■ WORK TO BE COMPLETED ■
After finding "Photo of property" in the material below, output its line and every line after it through the last, exactly, but not the pictures.

[MATERIAL PROVIDED Boundary: Start]

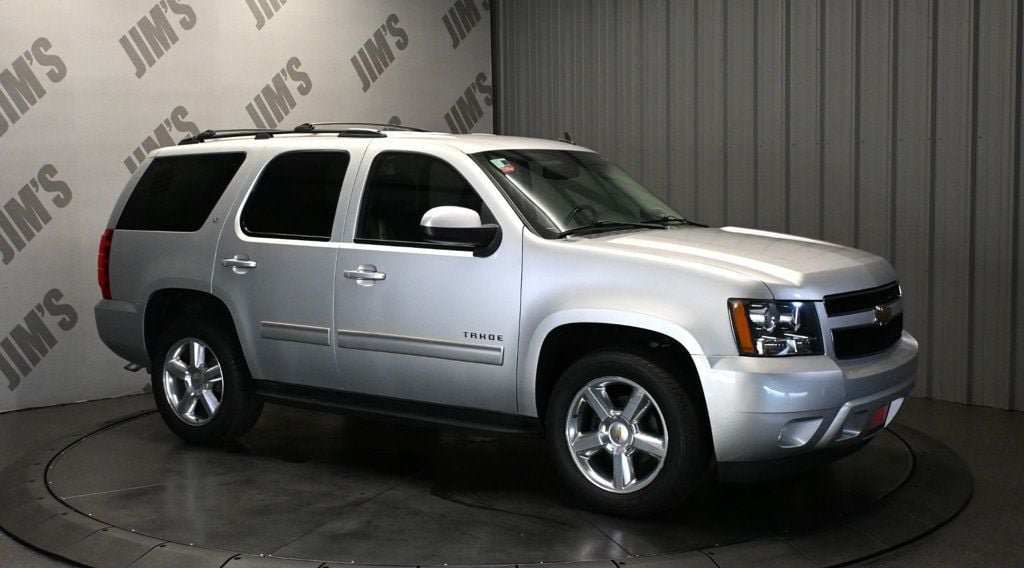 Used 2010 Chevrolet Tahoe LT RWD image 3
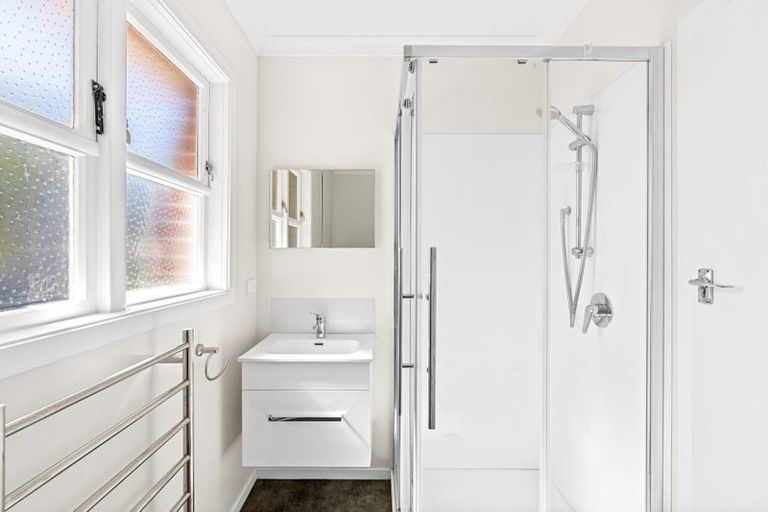 Photo of property in 22 Stanley Street, Levin, 5510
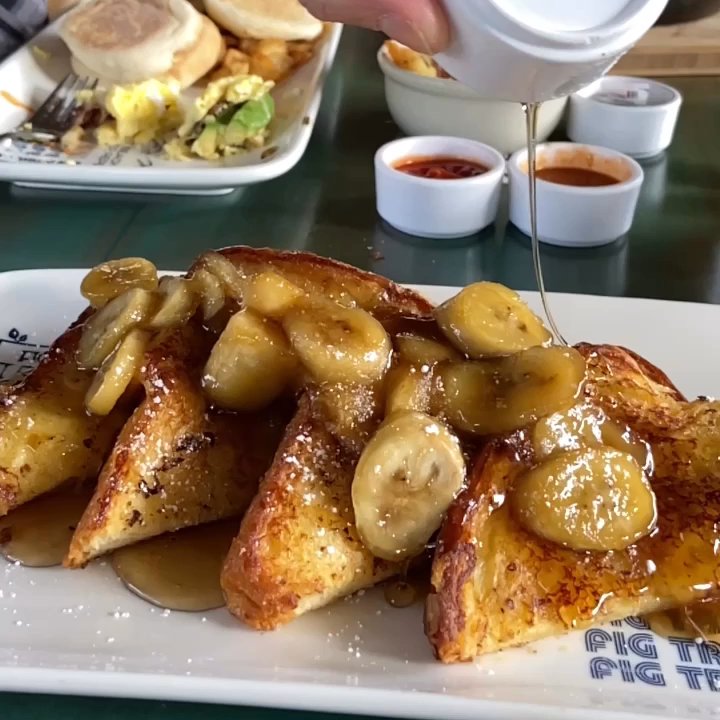 Fig Tree Cafe - Banana Foster French Toast - Sandwiches Near Me - Pacific Beach, California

[MATERIAL PROVIDED Boundary: End]

■ YOUR SOLUTION ■
 Photo of property in 22 Stanley Street, Levin, 5510
 Fig Tree Cafe - Banana Foster French Toast - Sandwiches Near Me - Pacific Beach, California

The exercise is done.